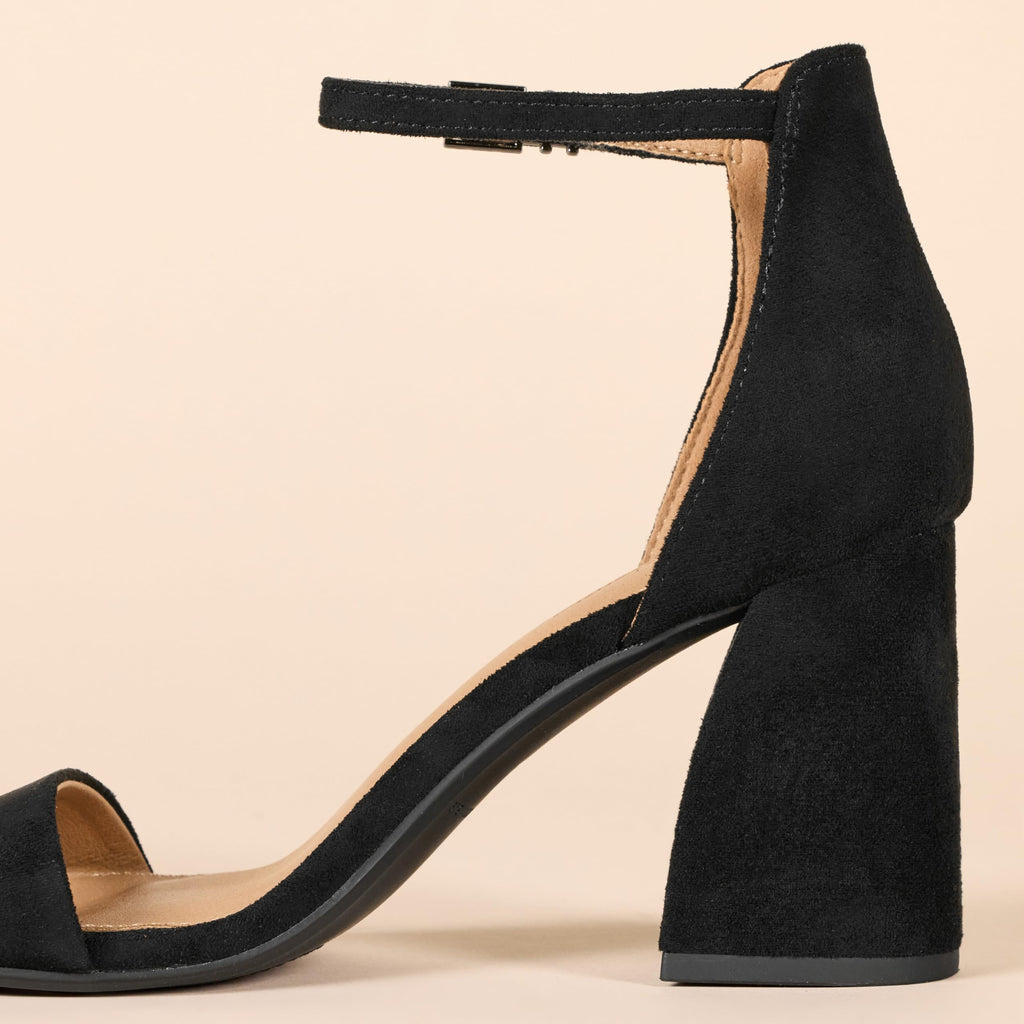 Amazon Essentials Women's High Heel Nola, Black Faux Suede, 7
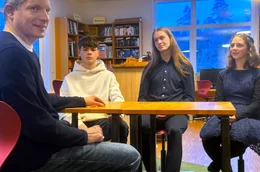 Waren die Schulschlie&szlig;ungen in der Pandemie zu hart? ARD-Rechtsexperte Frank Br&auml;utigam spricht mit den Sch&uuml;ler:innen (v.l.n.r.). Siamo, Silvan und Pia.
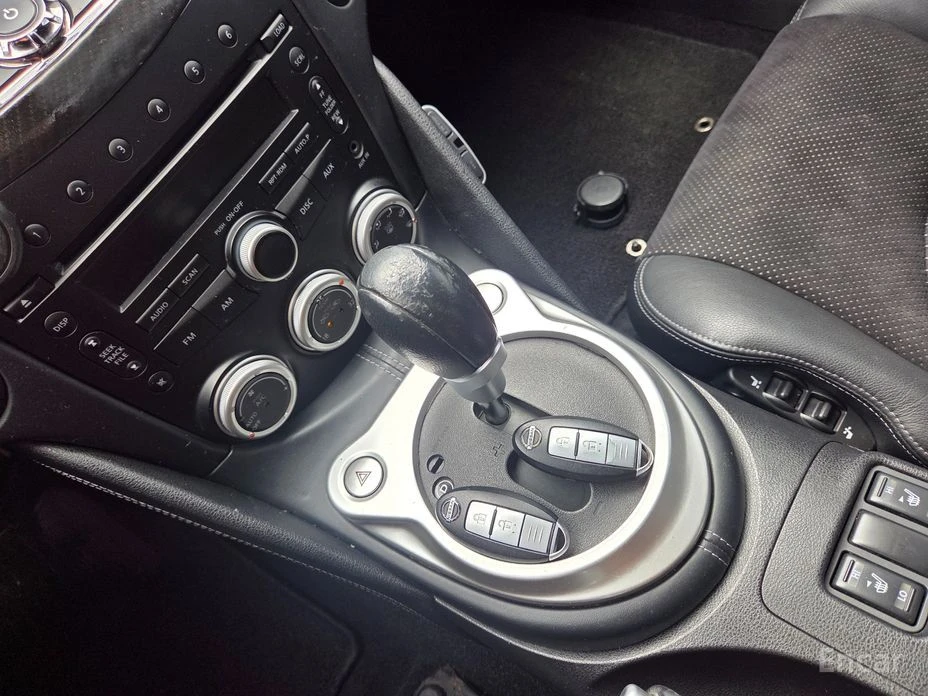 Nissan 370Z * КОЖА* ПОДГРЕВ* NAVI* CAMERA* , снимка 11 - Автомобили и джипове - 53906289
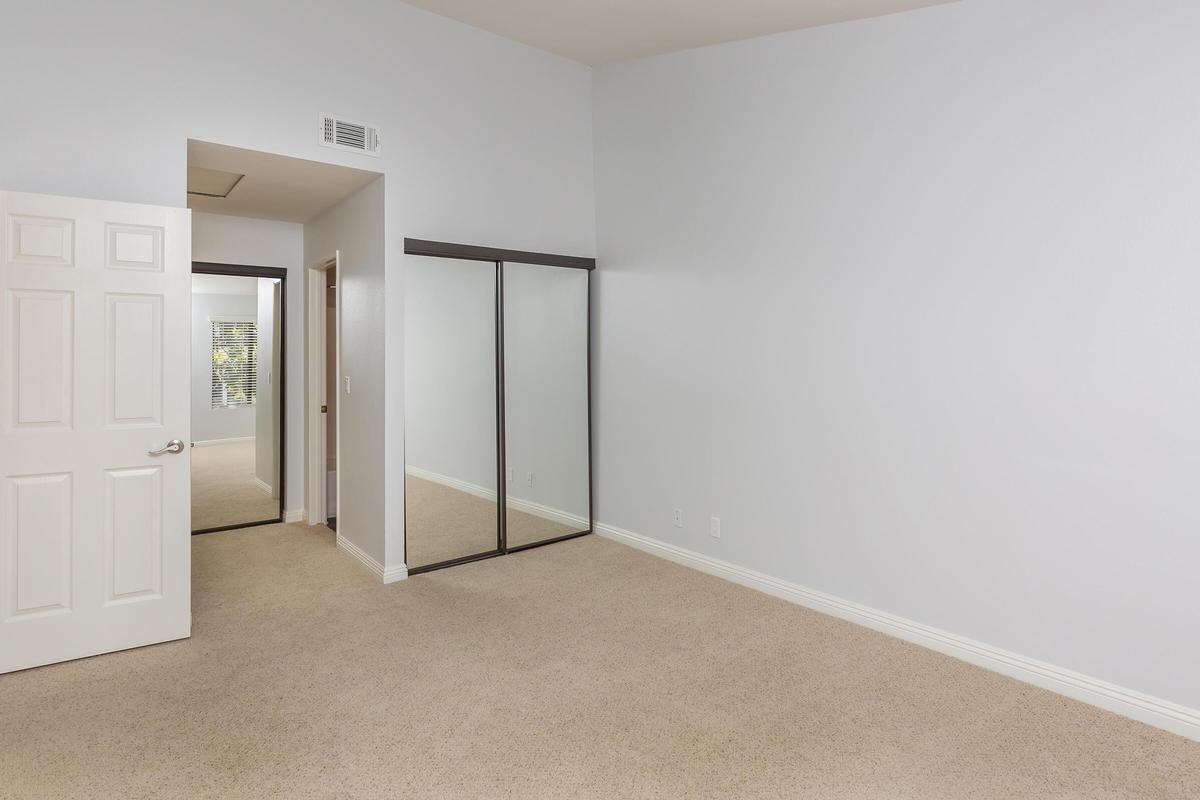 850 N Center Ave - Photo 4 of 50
******************************
THE TASK:
Copy verbatim the span that begins at the line containing "Waren die Schulschlie&szlig;ungen" and ends at the last line of the material, inclusive of both; exclude pictures.

RESPONSE TO THIS EXERCISE:
 Waren die Schulschlie&szlig;ungen in der Pandemie zu hart? ARD-Rechtsexperte Frank Br&auml;utigam spricht mit den Sch&uuml;ler:innen (v.l.n.r.). Siamo, Silvan und Pia.
 Nissan 370Z * КОЖА* ПОДГРЕВ* NAVI* CAMERA* , снимка 11 - Автомобили и джипове - 53906289
 850 N Center Ave - Photo 4 of 50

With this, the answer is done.